I'm analyzing open loop stability of an amplifier. Plotting the bode diagram I can see a negative phase margin (PM) indicating the system is not stable. When I plot the pole/zero plot however all the poles still remain on the left half plane. See attached figure. Note that instability results due to the 3rd zero crossing where the PM is negative. I do not understand why the complex poles have not shifted to right half plane (RHP). Using SPICE however I can observe these poles locating to RHP. How come this cannot be observed in matlab? While this is very likely because the model in Matlab is just a simplification, I do not understand how the bode plot can show a negative PM while the poles reside within LHP. Any thoughts?

Answer 1

You did not post your system, so it is a bit hard to figure out what is going on, especially when you say that you see poles moving to RHP in Spice.

Going purely on the plots you provided (poe zero map primarily) I tried to construct a model that would create similar plots.

sys=zpk([2.4*10^9*j -2.4*10^9*j], [-0.0000001 -11.5*10^7+1.2*10^9*j  -11.5*10^7-1.2*10^9*j],-100000000);
subplot(121);bode(sys);grid;
subplot(122);pzmap(sys);
xlim([-1.5e+8 2e+7]);

The first subplot shows full bode plot.
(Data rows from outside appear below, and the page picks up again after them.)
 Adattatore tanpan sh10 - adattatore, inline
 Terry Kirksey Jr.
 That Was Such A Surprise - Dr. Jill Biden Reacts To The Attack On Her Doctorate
If you focus on the region you are looking at, you will see similar plot to what you show:

subplot(121); bode(sys, {1e+9*0.1034 1e+9*2.8278}); grid;

Now if you zoom in bode plot magnitude that looks similar to your plot.

If you do

allmargin(sys)

you will see phase margins at first two crossovers are negative and phase margin at 3rd crossover is positive.

If you do

isstable(sys)

you will see the system is stable because all poles are in the left half plane, even though one of them is essentially at the origin.

Bottom line: even though you see negative phase margins, this system is stable, as all poles lie in the LHP. Hope this helps.